SOURCE MATERIAL:
------------------------
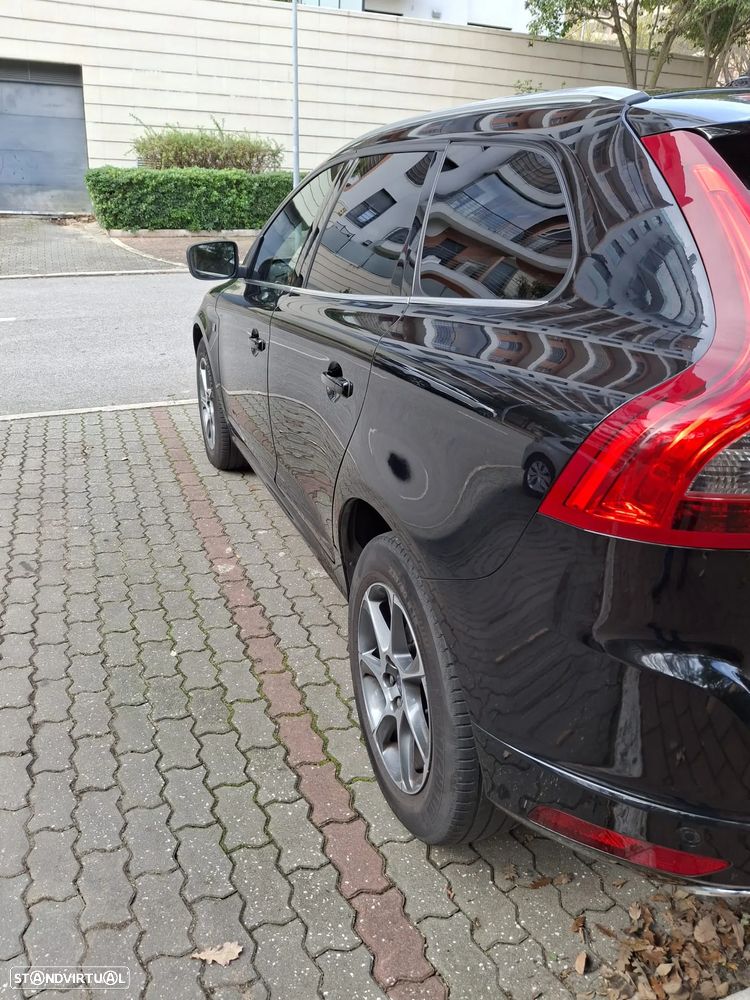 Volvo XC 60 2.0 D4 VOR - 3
------------------------
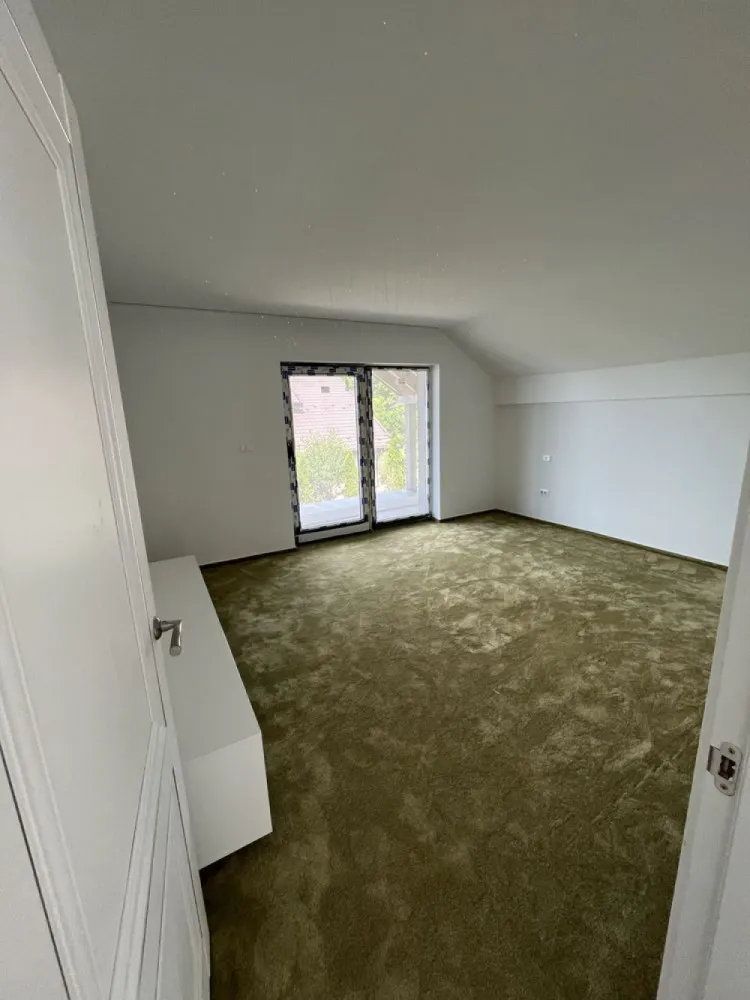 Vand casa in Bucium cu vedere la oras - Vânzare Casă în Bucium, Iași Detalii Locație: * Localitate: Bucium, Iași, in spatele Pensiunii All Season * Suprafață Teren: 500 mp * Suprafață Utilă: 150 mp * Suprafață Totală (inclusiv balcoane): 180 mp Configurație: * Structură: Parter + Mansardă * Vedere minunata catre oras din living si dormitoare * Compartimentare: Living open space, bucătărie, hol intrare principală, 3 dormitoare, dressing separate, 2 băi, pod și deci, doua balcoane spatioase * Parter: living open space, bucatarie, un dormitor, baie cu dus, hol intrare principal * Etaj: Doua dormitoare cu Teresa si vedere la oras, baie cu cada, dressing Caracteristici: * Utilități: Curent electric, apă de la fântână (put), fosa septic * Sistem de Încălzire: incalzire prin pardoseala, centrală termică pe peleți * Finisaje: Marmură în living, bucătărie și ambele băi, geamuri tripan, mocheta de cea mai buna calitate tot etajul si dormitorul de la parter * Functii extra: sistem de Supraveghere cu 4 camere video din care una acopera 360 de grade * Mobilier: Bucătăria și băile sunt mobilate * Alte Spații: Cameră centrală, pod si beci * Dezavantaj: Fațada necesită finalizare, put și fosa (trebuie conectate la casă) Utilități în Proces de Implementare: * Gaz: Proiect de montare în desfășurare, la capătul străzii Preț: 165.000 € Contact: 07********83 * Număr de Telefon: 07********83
------------------------
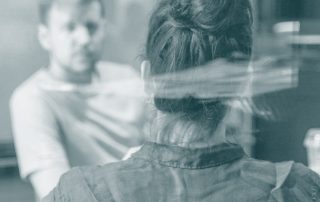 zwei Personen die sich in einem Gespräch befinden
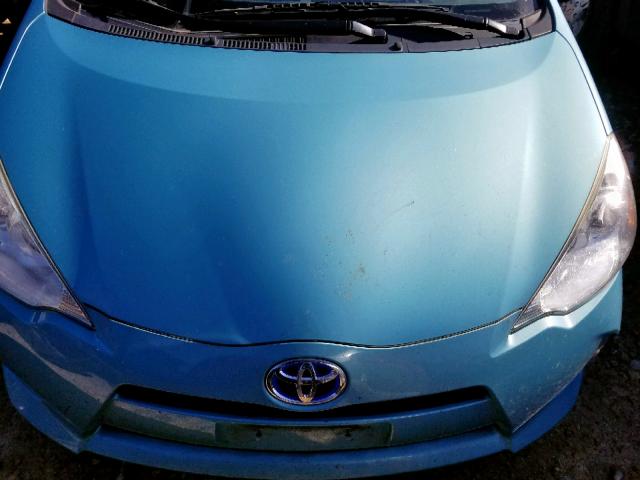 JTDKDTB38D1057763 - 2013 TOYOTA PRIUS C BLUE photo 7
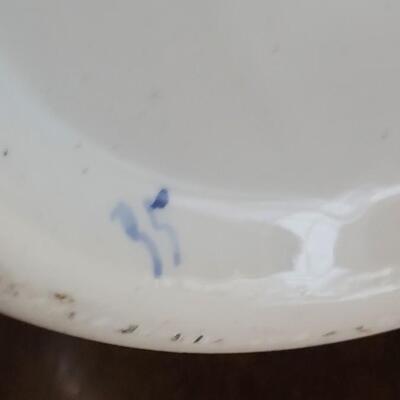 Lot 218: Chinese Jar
------------------------
WHAT THIS TASK INVOLVES:
In the data above, find the line containing "zwei Personen die" and the line containing "Lot 218: Chinese Jar". Repeat those two lines and everything between them exactly, minus the pictures.

THE ANSWER:
 zwei Personen die sich in einem Gespräch befinden
 JTDKDTB38D1057763 - 2013 TOYOTA PRIUS C BLUE photo 7
 Lot 218: Chinese Jar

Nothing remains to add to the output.